Meditation as a practice has gained wide popularity due to its numerous benefits. Research studies have shown that consistent meditation practice improves relaxation, helps with depression, reduces autoimmune response and also counters the adverse effects of stress and anxiety. It sounds like a perfect antidote to the modern-day lifestyle and yet it remains a primarily misunderstood practice.
Many mindfulness techniques and exercises are often erroneously called meditation giving this concept multiple meanings. But in yoga, Meditation is a particular practice. A comprehensive definition can be found in one of the early texts written on the subject – the Yoga Sutras of Patanjali.
Yoga Sutras are an ancient yogic text dated around 200 to 400 CE, and they have 196 profound but straightforward one-liners called aphorisms. Though don’t judge them by their brevity as they contain highly detailed information on yogic practices.

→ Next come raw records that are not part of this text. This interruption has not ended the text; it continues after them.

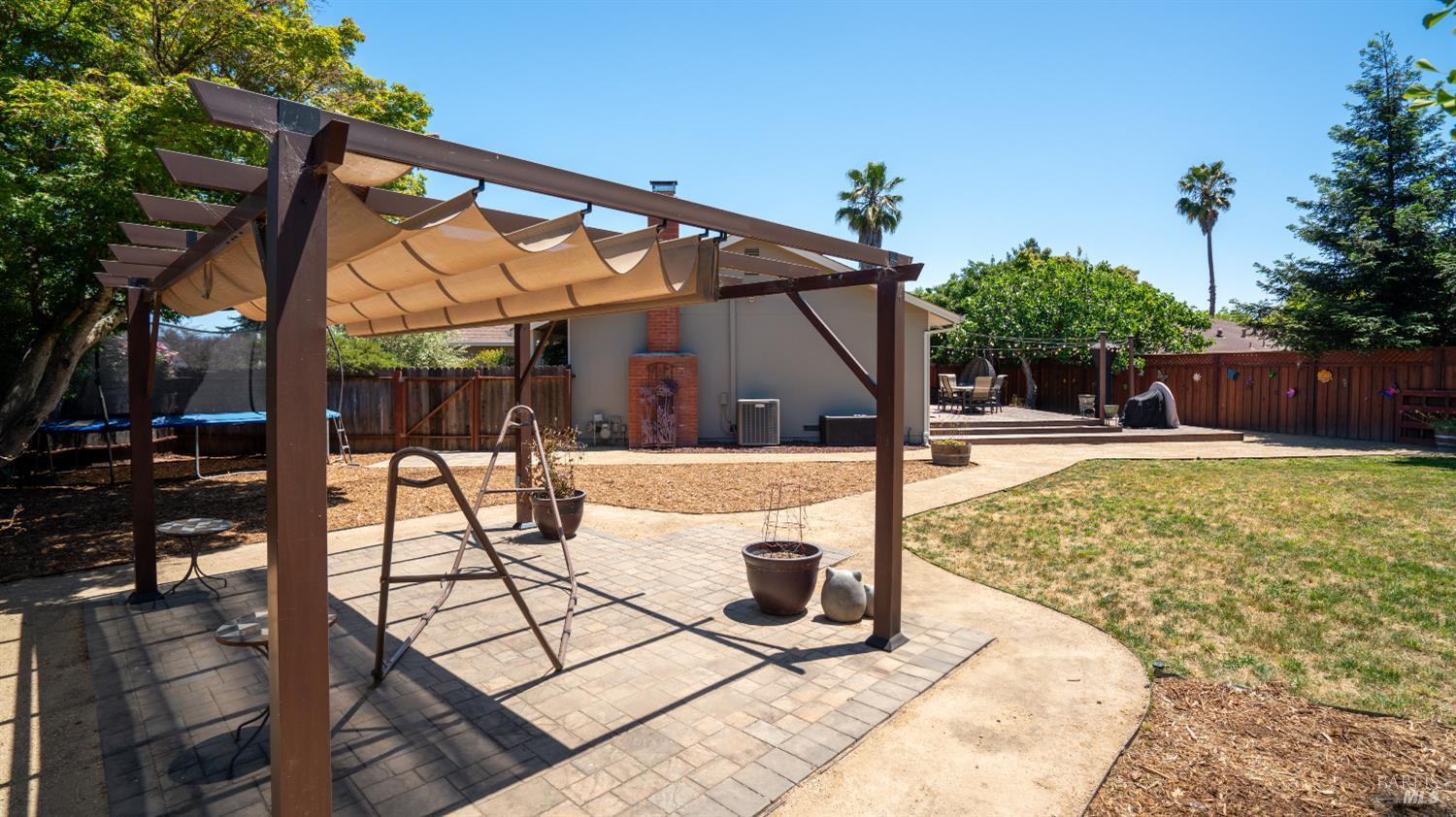 Detail Gallery Image 14 of 38 For 1523 Bruce Ct, Santa Rosa,  CA 95401 - 3 Beds | 2 Baths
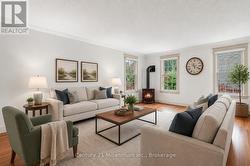 Virtually staged casual elegance - 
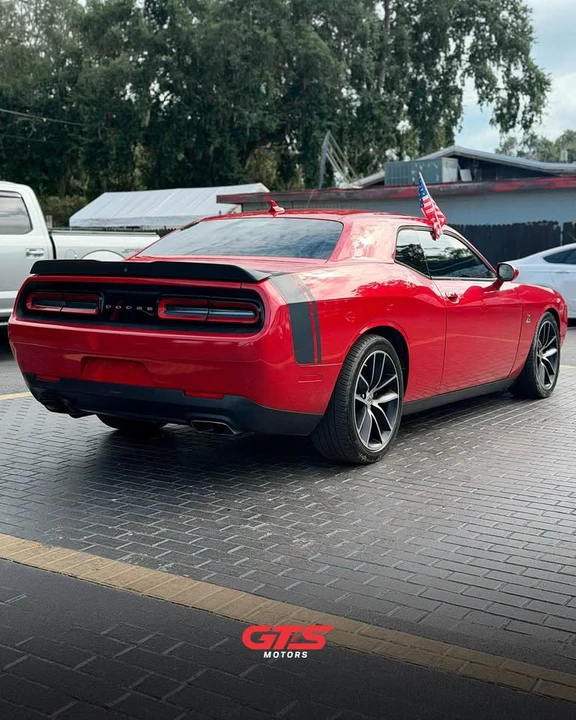 2015 Dodge Challenger SRT8 & 392 3rd Gen - Image 5 of 13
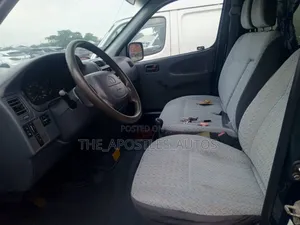 Toyota HiAce 2004 Green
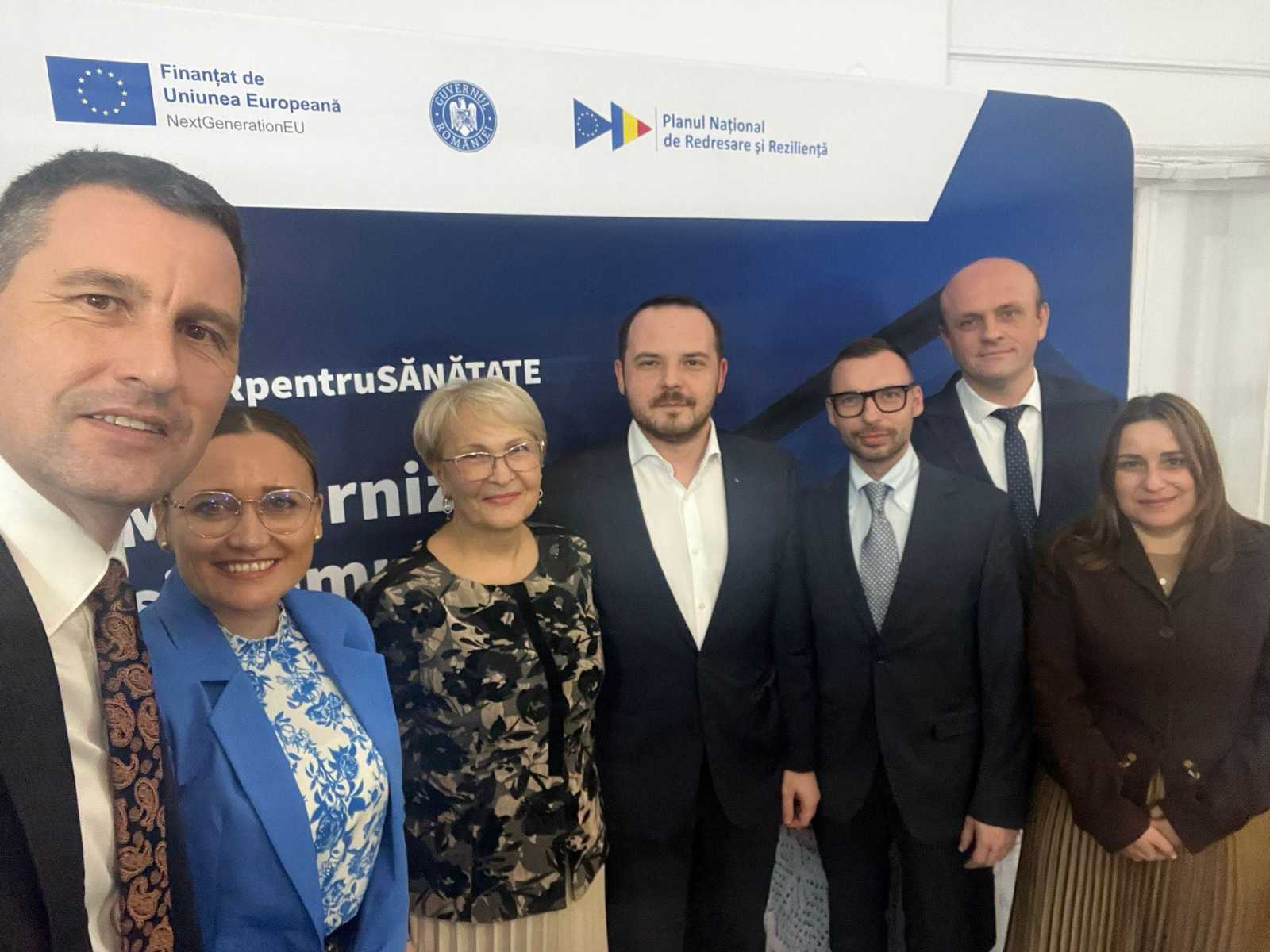 A csíkszeredai küldöttség Bukarestben Alexandru Rogobete egészségügyi miniszterrel | Fotó: Hargita Megye Tanácsa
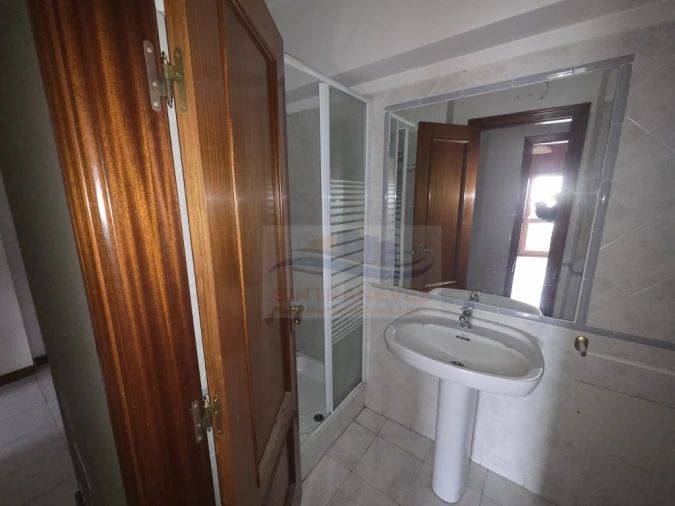 Apartamento T3 para Venda em Carregado e Cadafais Foto 11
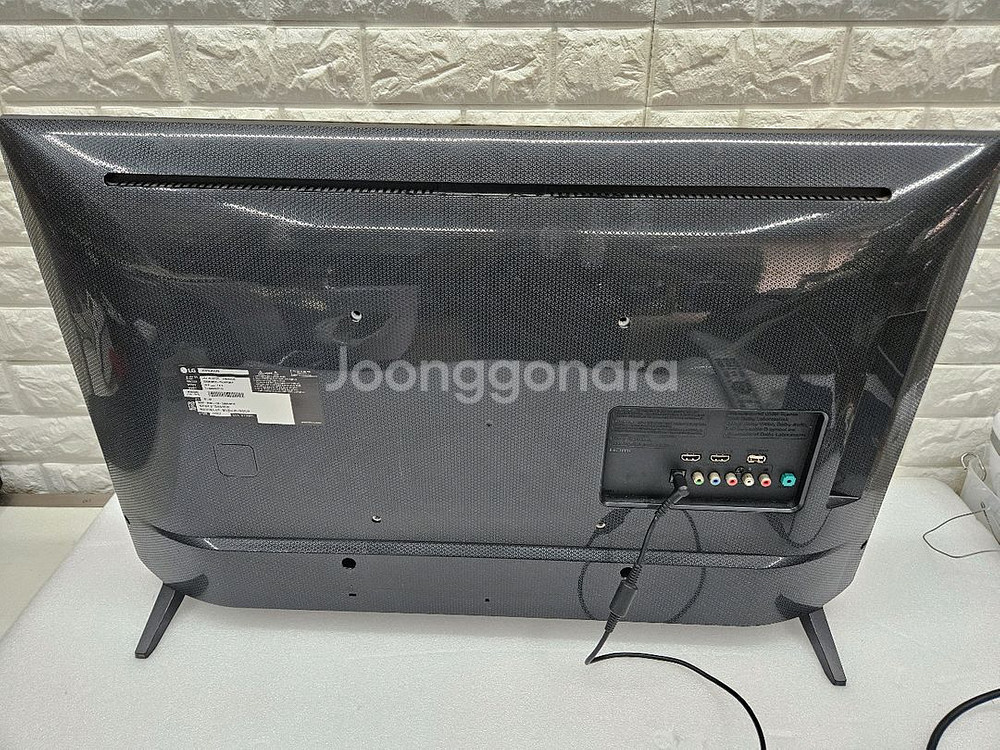 LG 32인치 LED 모니터 입니다--3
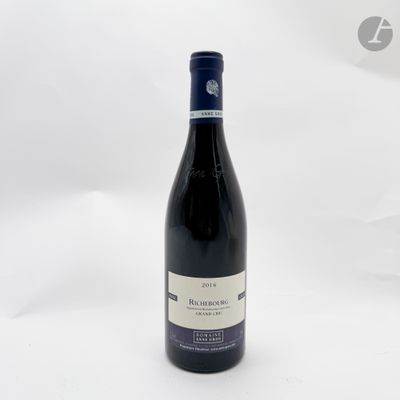 une bouteille de vin posée sur une table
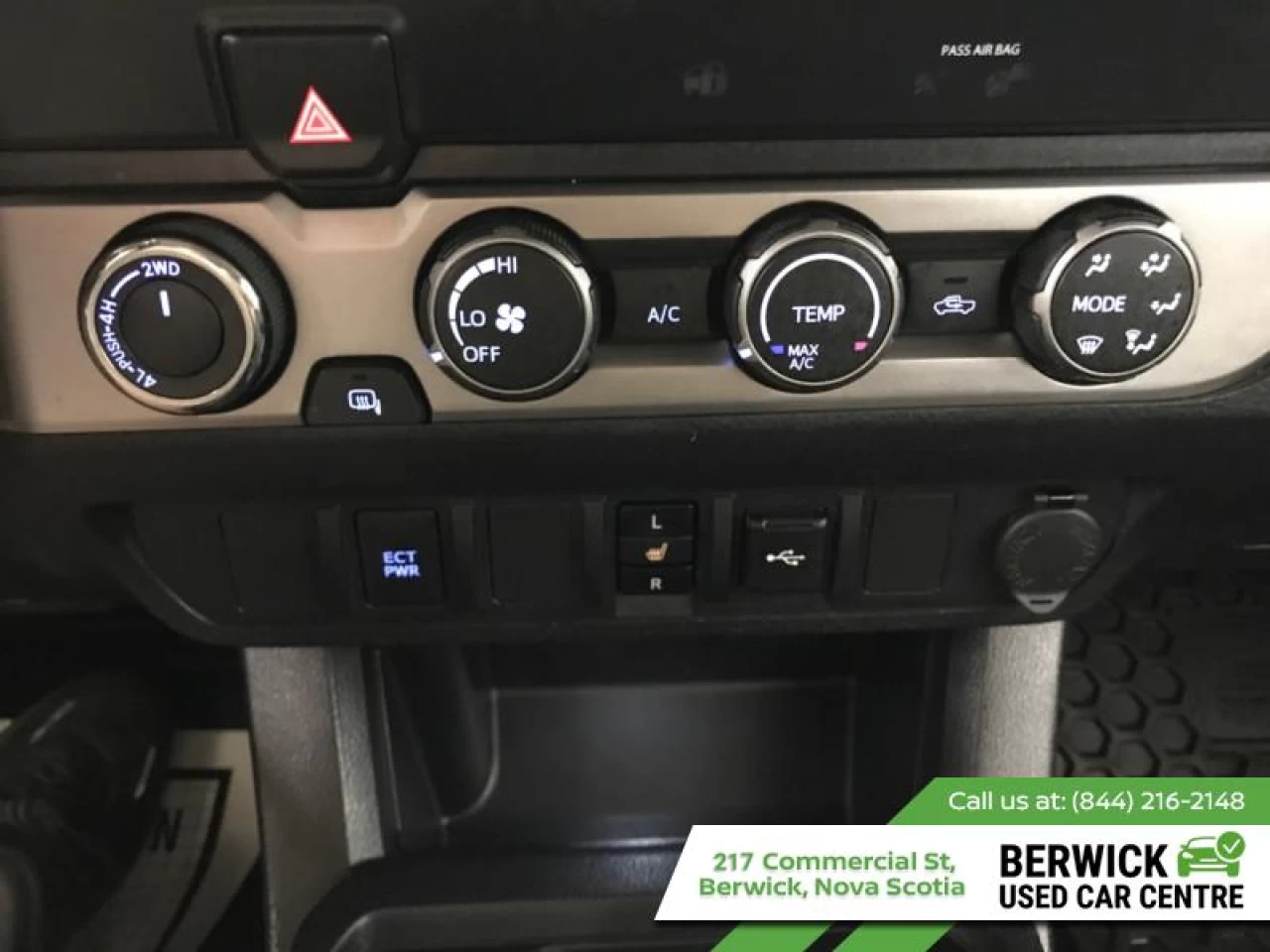 2020 Toyota Tacoma SR5 Main Image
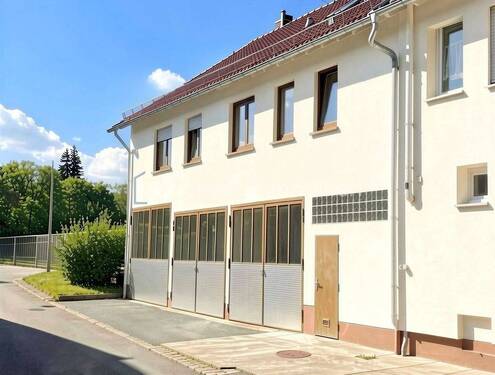 Rückseite - 4 Zimmer Mehrfamilienhaus, Wohnhaus in Neckartenzlingen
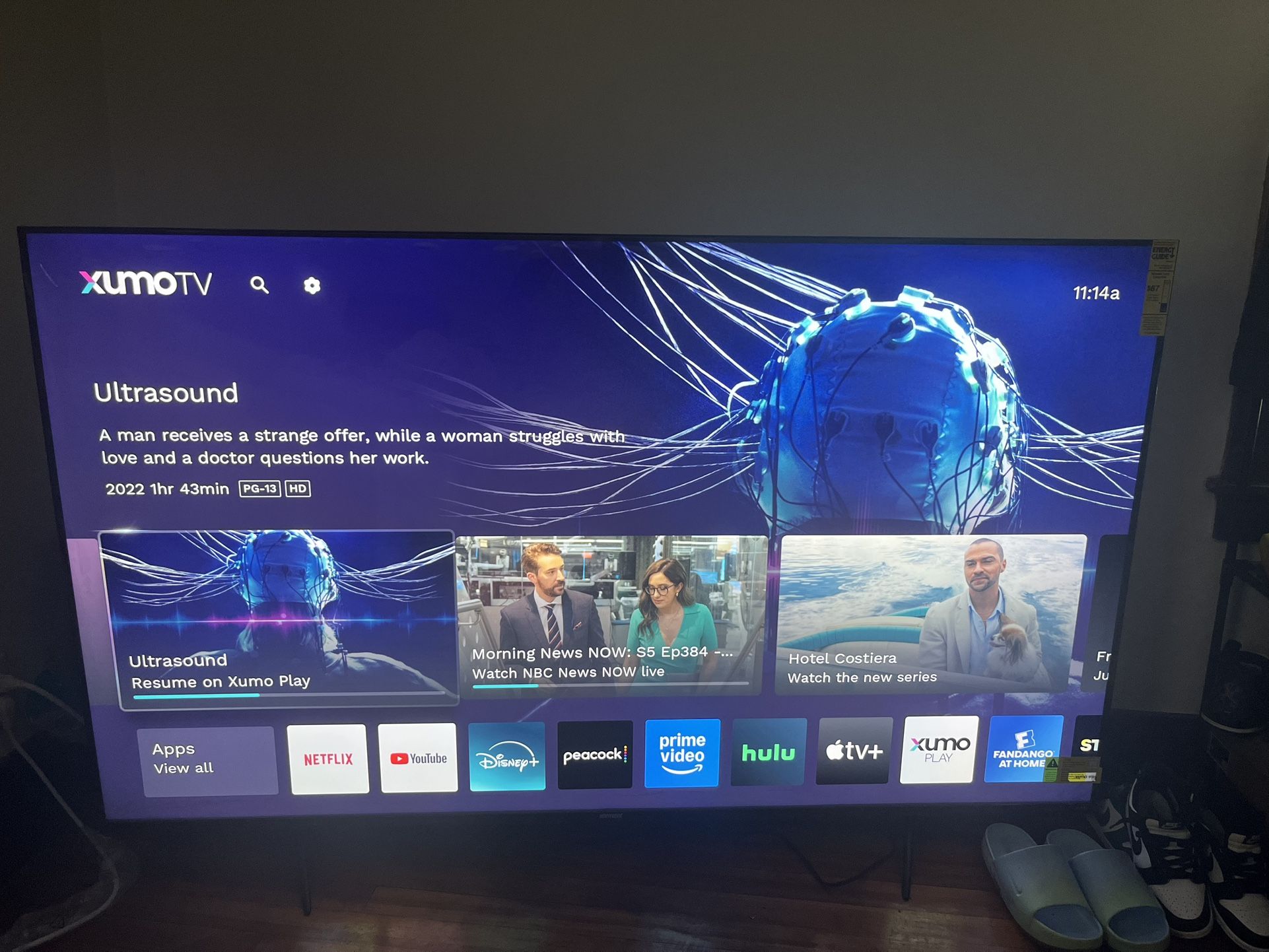 Element Xumo Frameless Tv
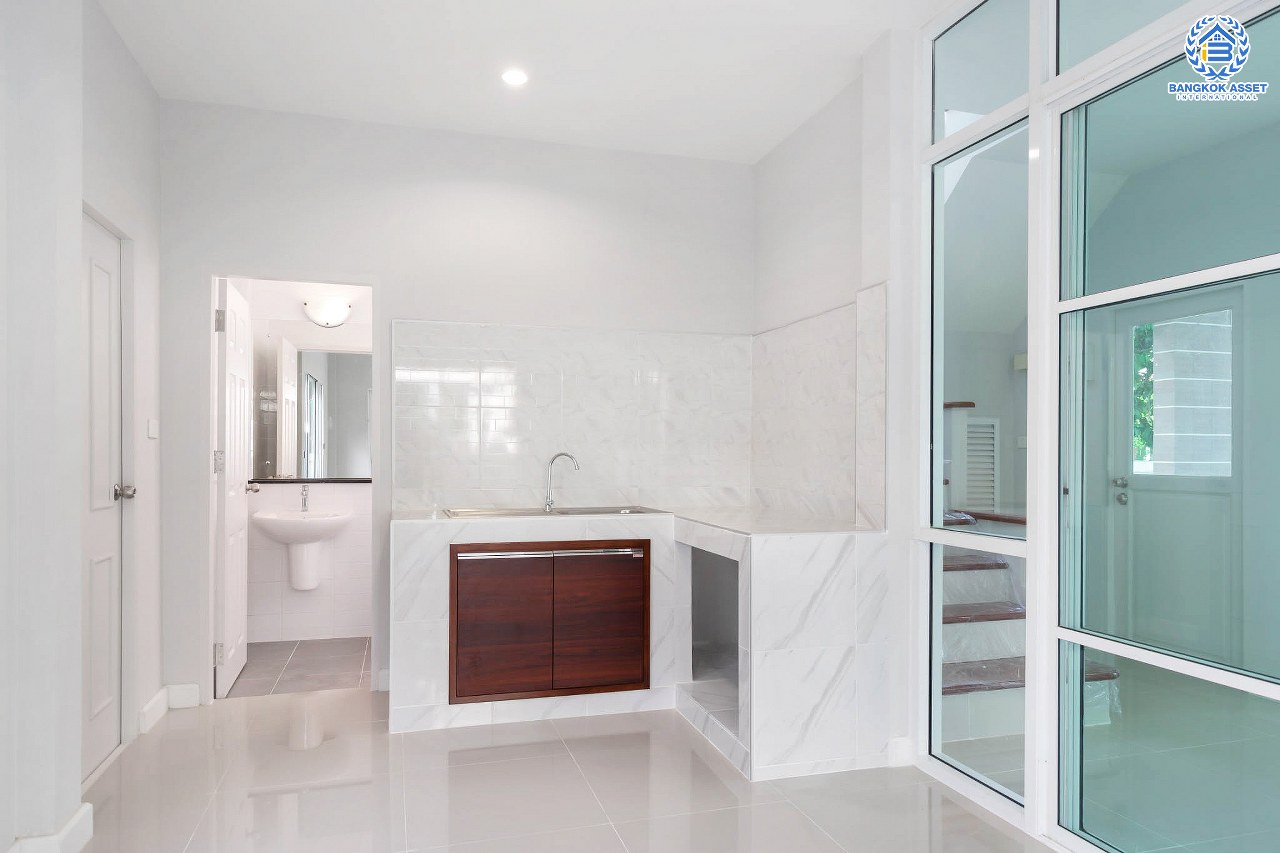 บ้านมือสองตกแต่งใหม่ แบรนด์ Property Perfect ม.เพอร์เฟคพาร์ค พระราม5-บางใหญ่ (ซ.วัดพระนอน) เนื้อที่ 35.7 ตร.ว. ฟังก์ชั่น 3 ห้องนอน 2 ห้องน้ำ บรรยากาศดี Facility ครบครัน  ทำเลใกล้วงแหวนกาญจนาฯ , Central Westgate และรถไฟฟ้าสายสีม่วง "สถานีตลาดบางใหญ่"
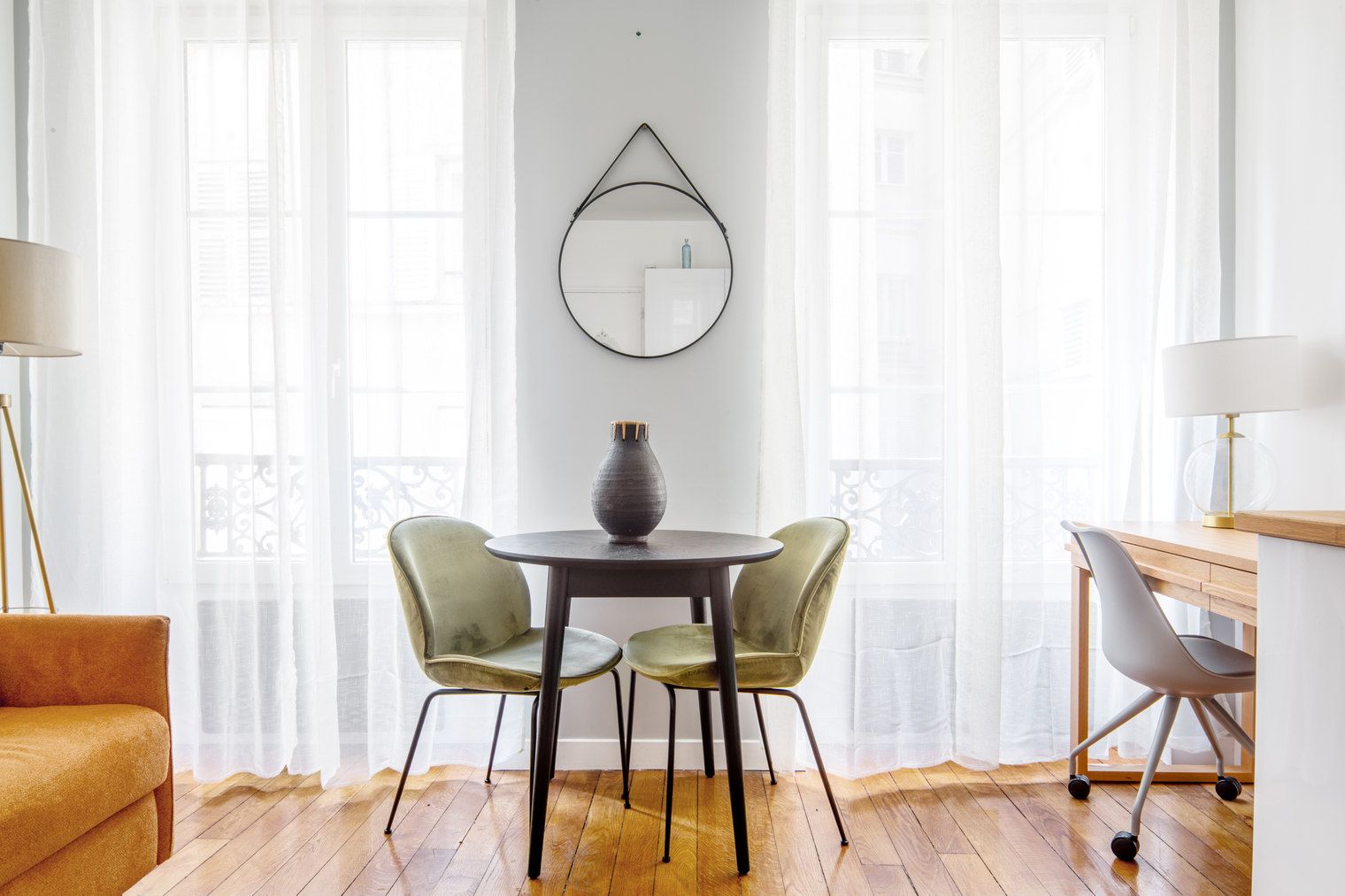 Rue du Faubourg Saint-Honoré • Salle à dîner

They are like theorems which unfold to give us detailed insights. These 196 sutras have been explained in detail in a very popular commentary called Yoga Bhashya of Vyasa likely written a couple of centuries after the sutras themselves. I will share with you the key highlights from both the texts in a simplified manner to share their definition of meditation.
What is meditation?
The ultimate goal of all yoga practices is Samadhi which can be called the highest state a human being can achieve. Patanjali gave us eight steps to get to this stage and meditation forms a part of this journey. These eight steps of Patanjali are called Ashtanga yoga and help us progress to the highest stage of yoga. You can read more about these eight steps in my blog here. In this blog, I will cover the last three steps which are more specific to meditation practices. These are Dharana (concentration), Dhyana (meditation) and Samadhi (Enlightenment).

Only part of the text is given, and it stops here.